**Try it**.
For this exercise, output the entries below exactly from the line that holds "163 Forestview Rd, Bridgeport, CT 06606" to the line that holds "Imagem Cobertura para", both ends included. No pictures belong in the copy.

Caption-style text data:
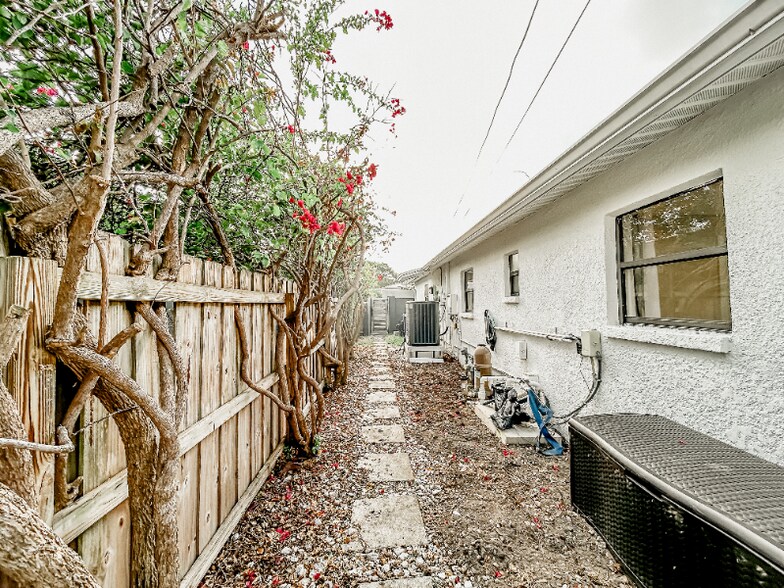 Building Photo - 1847 Shore Acres Blvd NE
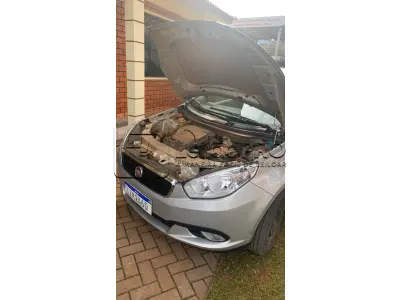 LOTE 004 - Automóvel Marca: Fiat - Modelo: Grand Siena Attractive 1.0 - Ano/Modelo: 2019/2019 - 04 portas - 05 Passageiros - 75 CV - Cor: Prata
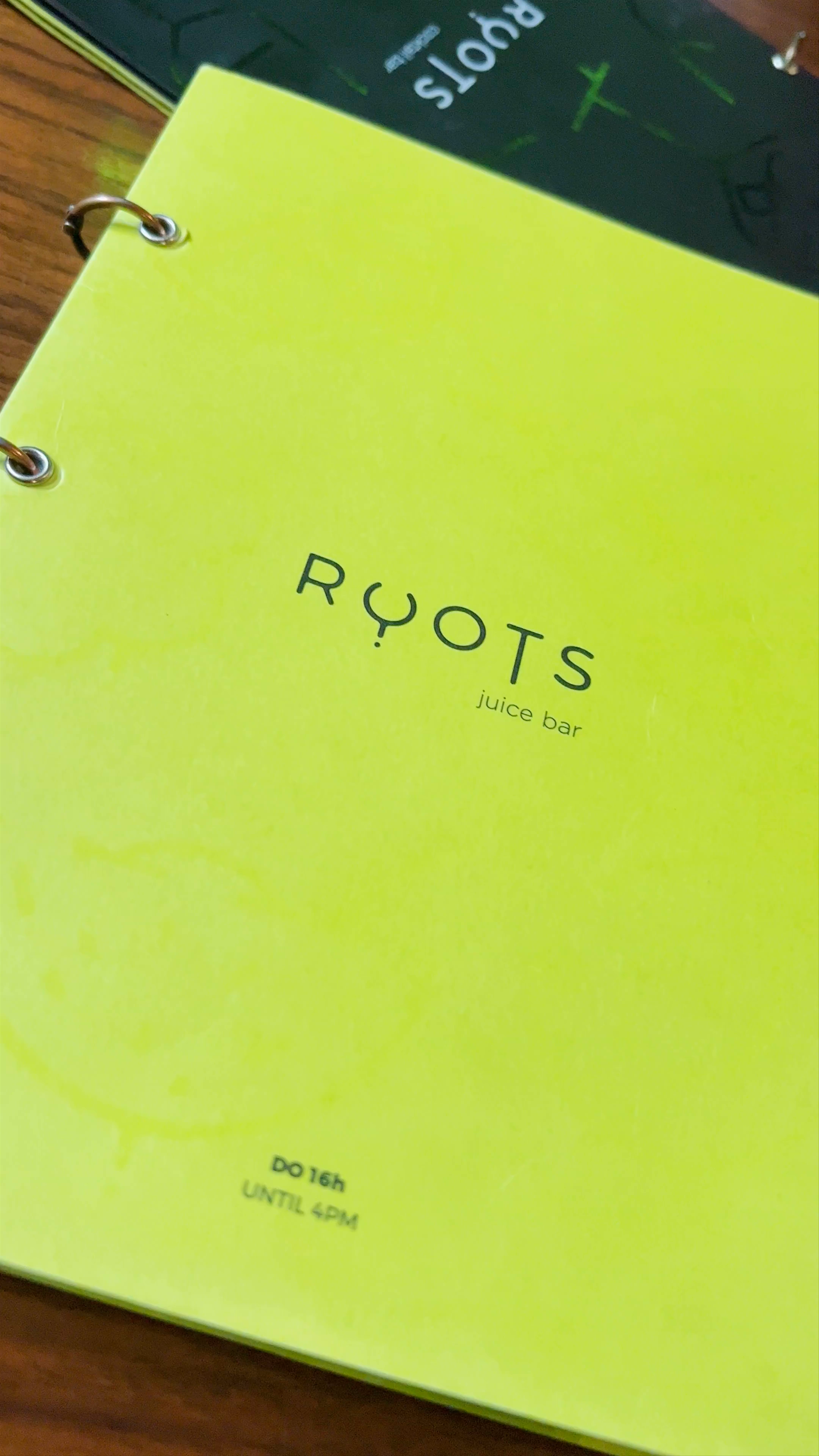 Roots - juice & cocktail bar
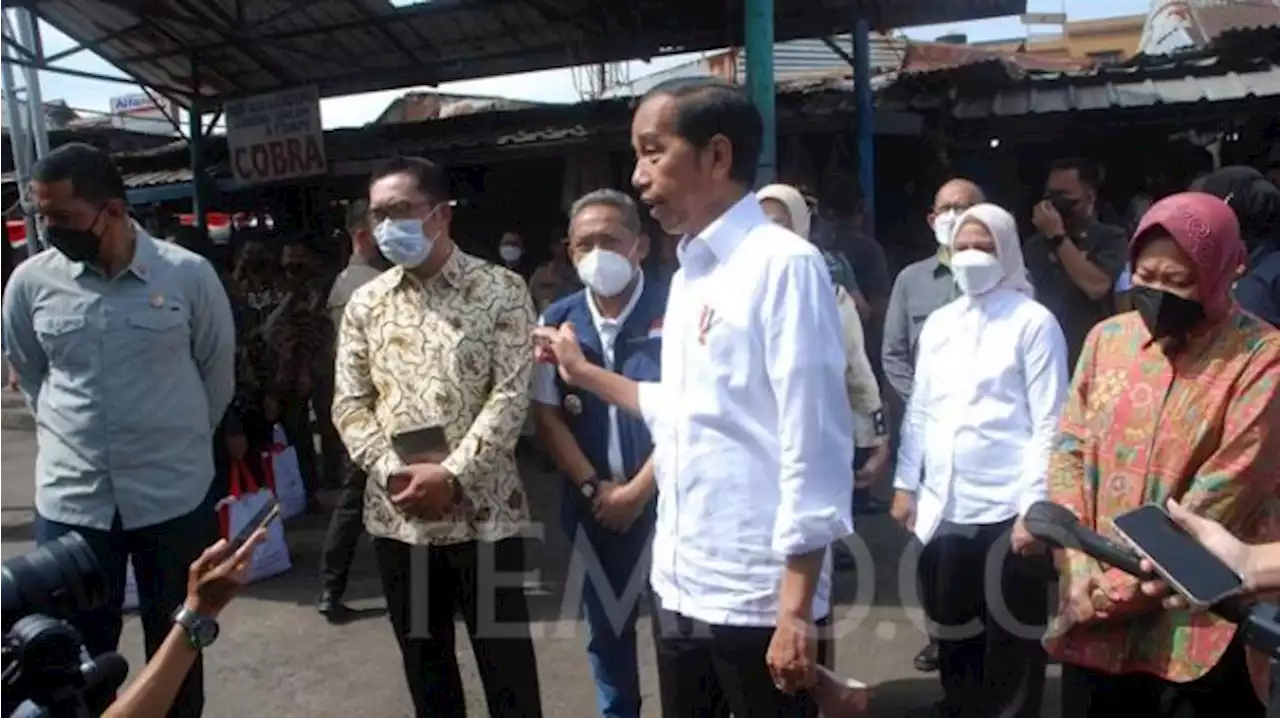 Jokowi Sebut Naiknya Harga Telur Akibat Harga Pakan dan Permintaan yang Tinggi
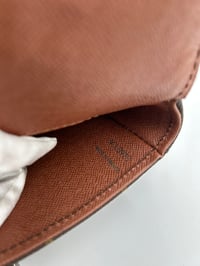 Image 21 of Louis Vuitton Chantilly GM Monogram Crossbody Bag4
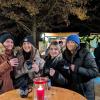 Es herrschte fröhliche Stimmung auf dem Weihnachtsmarkt in Burtenbach. Die Besucher stimmten sich bei Glühwein, Grillwurst und Punsch auf die besinnliche Zeit ein.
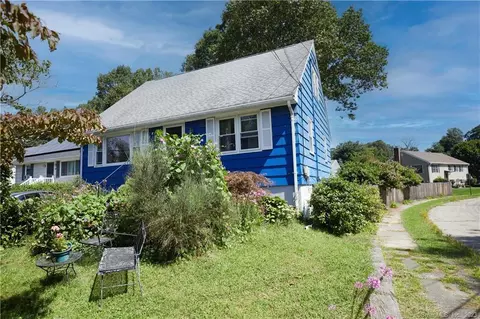 163 Forestview Rd, Bridgeport, CT 06606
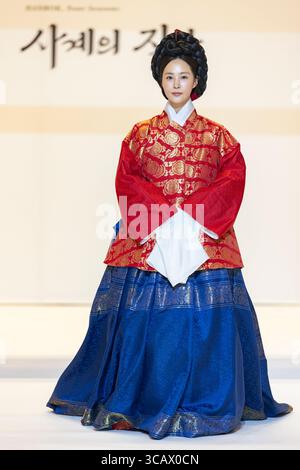Seoul, Corea del Sud. 7 agosto 2025. La cantante e attrice Kwon Yu-ri appare alla sfilata di apertura dell'Hanbok Expo 2025 al COEX Hall D nel distretto di Gangnam, Seoul, Corea del Sud, il 7 agosto 2025. Lo spettacolo, a tema ''Hanbok, Four Seasons, texture of the Seasons'', è diretto da Shim Yeon-ok e segna l'inizio dell'unica expo dedicata all'hanbok della Corea del Sud, che si svolge fino al 10 agosto. (Foto di Chris Jung/NurPhoto) credito: NurPhoto SRL/Alamy Live News Foto Stock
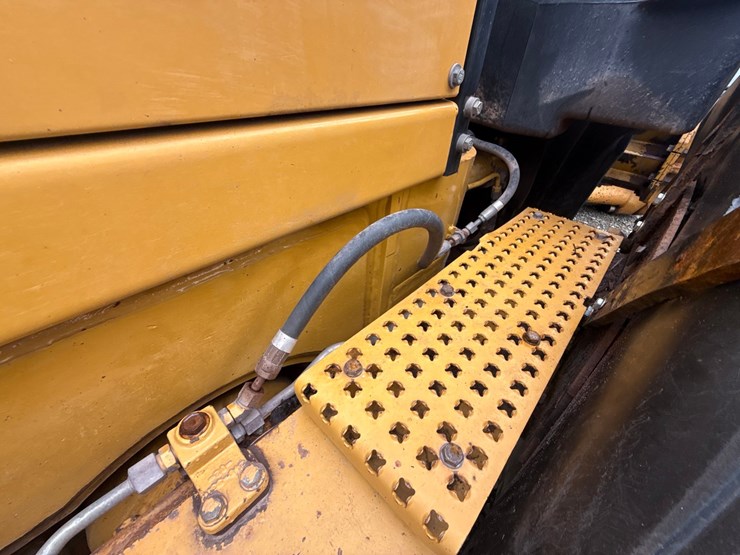 caterpillar-160m-awd-image-50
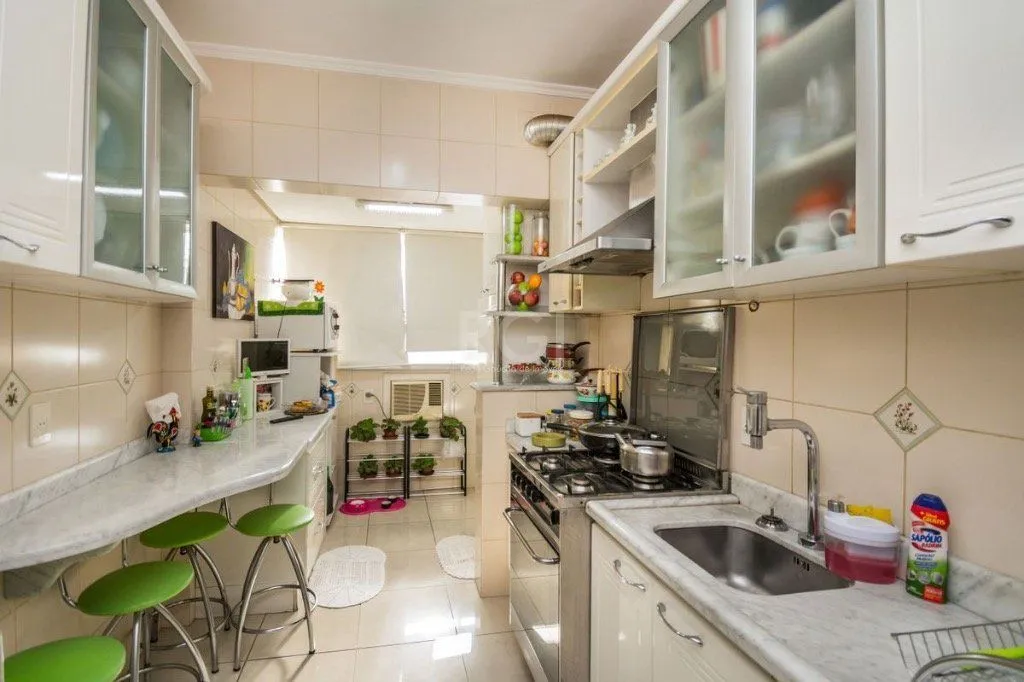 Imagem Cobertura para Venda - 199m², 3 dormitórios, sendo 1 suites, 2 vagas - Azenha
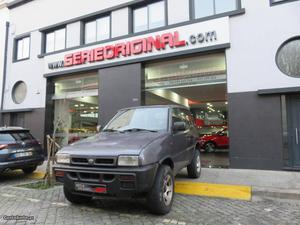 Nissan Terrano II 2.7 TD Setembro/93 - à venda - Pick-up/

**Solution to the exercise**.
 163 Forestview Rd, Bridgeport, CT 06606
Seoul, Corea del Sud. 7 agosto 2025. La cantante e attrice Kwon Yu-ri appare alla sfilata di apertura dell'Hanbok Expo 2025 al COEX Hall D nel distretto di Gangnam, Seoul, Corea del Sud, il 7 agosto 2025. Lo spettacolo, a tema ''Hanbok, Four Seasons, texture of the Seasons'', è diretto da Shim Yeon-ok e segna l'inizio dell'unica expo dedicata all'hanbok della Corea del Sud, che si svolge fino al 10 agosto. (Foto di Chris Jung/NurPhoto) credito: NurPhoto SRL/Alamy Live News Foto Stock
 caterpillar-160m-awd-image-50
 Imagem Cobertura para Venda - 199m², 3 dormitórios, sendo 1 suites, 2 vagas - Azenha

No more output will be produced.